Putting the focus on a couple of doctors who want to ensnare each other for professional malpractice enables Habeas Corpus to be in two minds about the human body. The job is a licence for roving hands and eyes and the play is very droll about the parless protocols of touch. ("Touching is what loved ones are for," declares the permanently affronted Lady Rumpers, "because loving takes the sting out of it.") But being a doctor also offers extensive opportunities for getting to grips with the body at its least lovely and most mortal. Hence the conclusion that you should get as much sex in as you can before the only thing that's rampant about you is the rot.
Sam Mendes's revival at the Donmar boasts a crack cast but, for me, despite deliriously enjoyable patches, the staging did not totally work. This was no fault of Brenda Blethyn, who airs her talent for grieving querulousness to splendid effect as the tweed-and-pearls doctor's wife in whom the would- be raver is awakened by the falsey-fitter's erring touch.
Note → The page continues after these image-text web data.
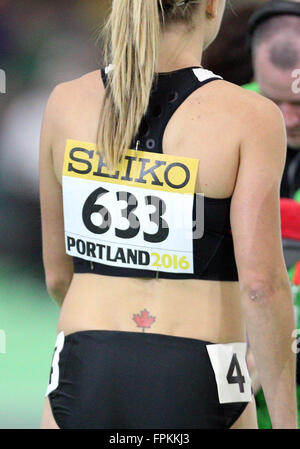 Portland, Oregon, Stati Uniti d'America. Marzo 18, 2016: Brianne Theisen Eaton del Canada visualizza la sua fedeltà al Canada per il mondo 2016 Track & Field campionati a Centro Convegni Oregon, Portland, O. Larry C. Lawson/CSM Credito: Cal Sport Media/Alamy Live News Foto Stock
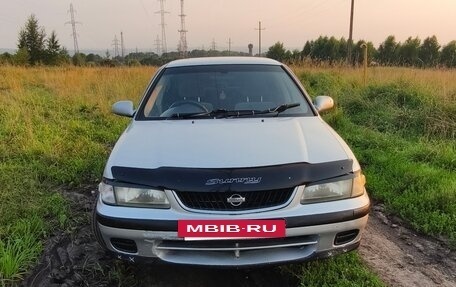Nissan Sunny B15, 2001 год, 260 000 рублей, 2 фотография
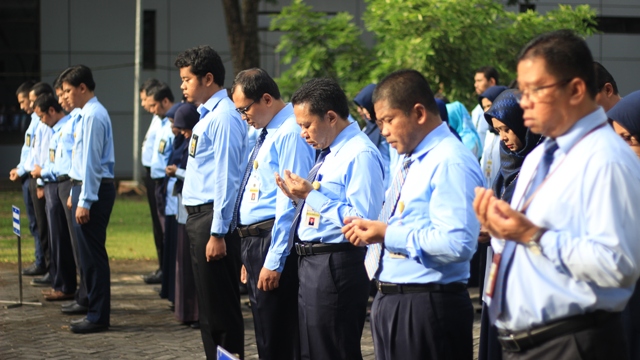 Khusyuk Berdoa Bersama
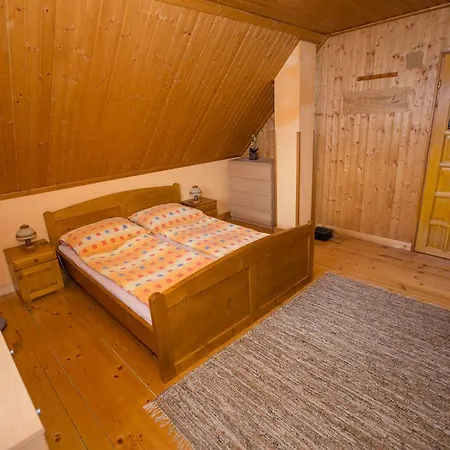 Benusovce Липтовски-Трновец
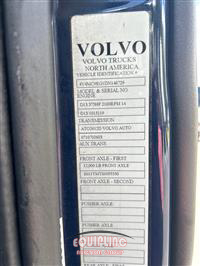 2013 VOLVO TRUCK VNM
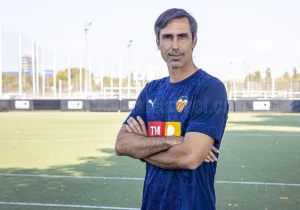 Fernando Martín, entrenador del Valencia CF Femenino B en el campo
Celia Imrie is also superbly centre-target as Lady Rumpers, an old colonial who clearly emerged from the womb with a large stiff handbag over her arm and a booming complaint on her lips.
Some things have been misjudged, however. The constant lighting changes to underline the play's tricky tonal shifts into pastiche verse, cod song- and-dance and direct-to-audience address, give this register-hopping an unduly galumphing, arbitrary feel instead of the spirited silliness that's required. For a play about how we're trapped in the body, Habeas Corpus is itself paradoxically disembodied, making do with a few chairs and dispensing with the usual material environment of farce, that fraught obstacle-course of doors, hiding places and hostile objects. But if this calculated incongruity is to have a full comic payoff, you need a tension between the abstract staging and the old-fashioned proscenium-framed box that is farce's customary habitat. The Donmar offers too open a space and the play does not look at home in it.
That fine actor, Jim Broadbent, strikes me as basically mis-cast in the role of Wicksteed, the lecherous GP. The randiness should spring out from behind a surface of reassuring respectability. But would you really trust someone who looks so interestingly and constitutionally dodgy? He is at his best in the jerky, desperate dance routine at the end, which demonstrates that life is a Totentanz, as well as a mating dance.